When you spend a lot of time birding local patches around your home, you can get somewhat attached to the birds you come across when you know they are likely the same individuals you see every time you go there. For instance, there is an injured Ring-necked Duck that has been hanging out at the local ‘duck pond’ for the past 2 years, and I feel like him and I are pretty good friends now since I go to the Duck Pond almost every day and see him there. Or the Red-tailed Hawks I see along roads near my home, or the chickadees and juncos at the feeder in my backyard, or the male Cooper’s Hawk that terrorizes the House Sparrows of the Penn State campus. But up until now, I have never had that experience with a rarity.
Last February, my friends and I were down in Cape May for a Paulagic. Afterwards we spent a day birding around Cape May, trying to find a few of the reported rarities and other cool birds. One of our top targets for the day was an adult Black-headed Gull that was occasionally seen along the bayside – anywhere between the ferry terminal and Del Haven. An adult Black-headed Gull has been reported to eBird during the winter months every year since 2009. Could this be the same bird every year? After quite a bit of searching, we did end up finding it AND it was a lifer for myself and my friends! I put together a short photo-study of the gull last year, that you can check out at this link.

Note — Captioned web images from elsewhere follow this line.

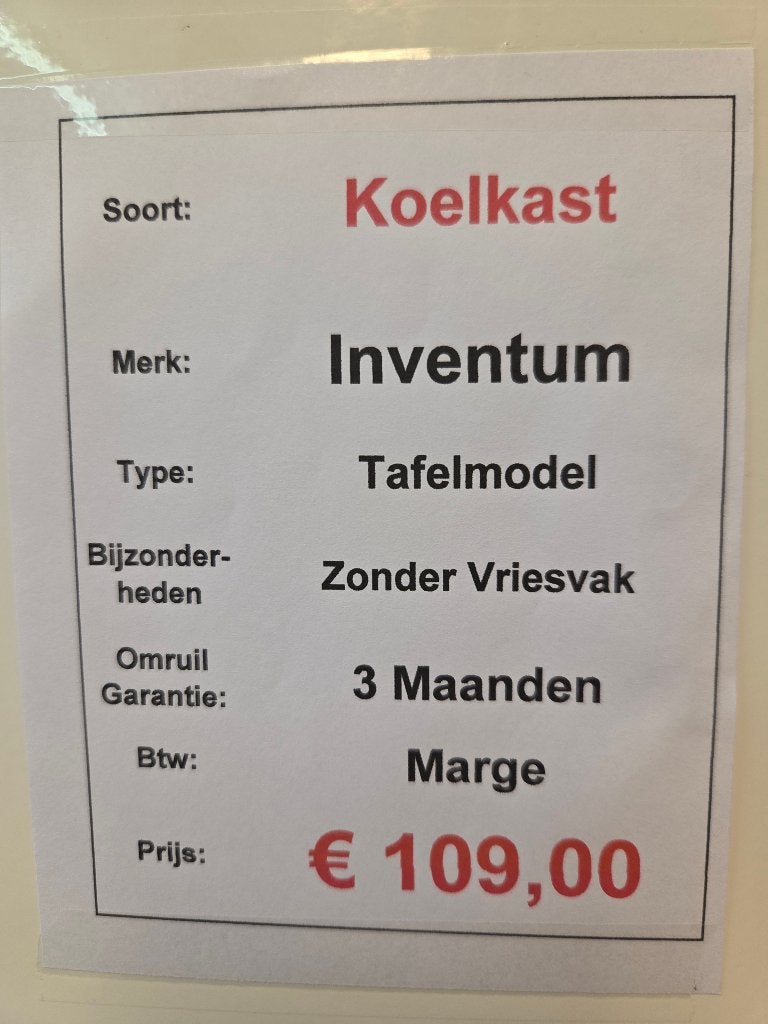 koelkast - Inventum - tafelmodel, Witgoed en Apparatuur, Koelkasten en IJskasten, Ophalen, Minder dan 85 cm, Webshop@inventum.eu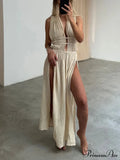Boho Braids Belt Cutout Graceful Slit Kaftan Maxi Dress image 1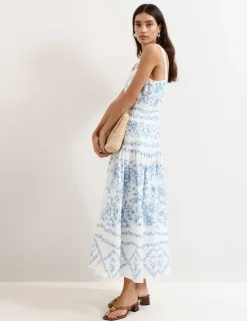 Linen Rich Floral Midaxi Waisted Dress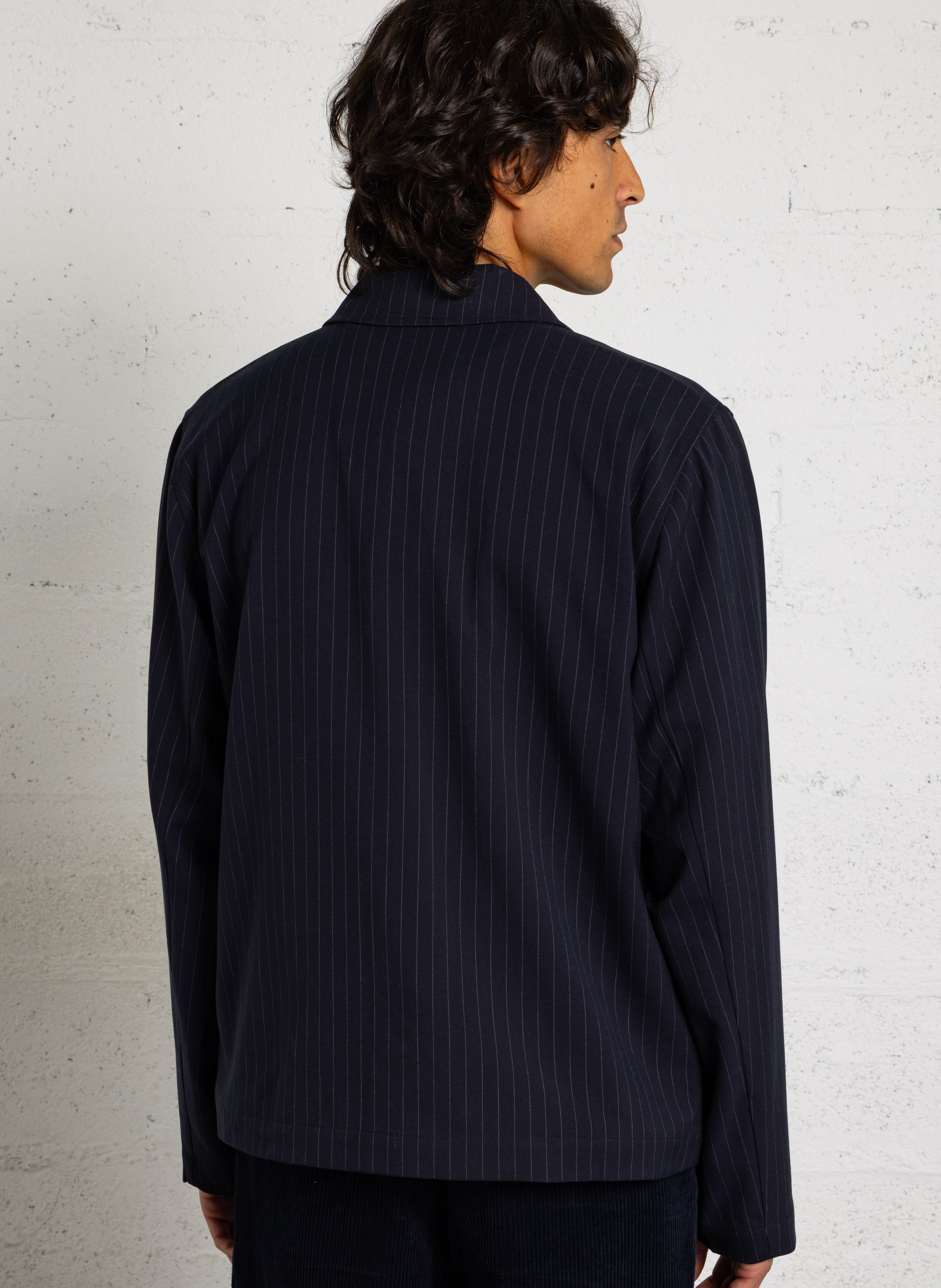 Striped classic collar straight jacket CASUAL FRIDAY Blue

Now it seems that same adult Black-headed Gull has again returned! Josh Lefever and I checked the bayside of Cape May for the bird on two occasions during the weekend and were able to find it on our second try – right where we had left it a year before! And just like it had acted the year before, the gull wandered up and down the beach foraging along the surf. Dog-walkers passed within 35 feet of the bird and it just ignored them and kept on going. One of the most exciting things to see was when it joined Sanderlings, Ruddy Turnstones, and Dunlins that were foraging along the beach. Obviously we can never be totally sure this is the same bird returning every year unless the bird is banded, but it seems like it could be. We spent 45 minutes (eBird list) admiring the gull and the other birds nearby, happy to see an old friend and wishing it a good winter and successful trip back to wherever it is the bird had come from.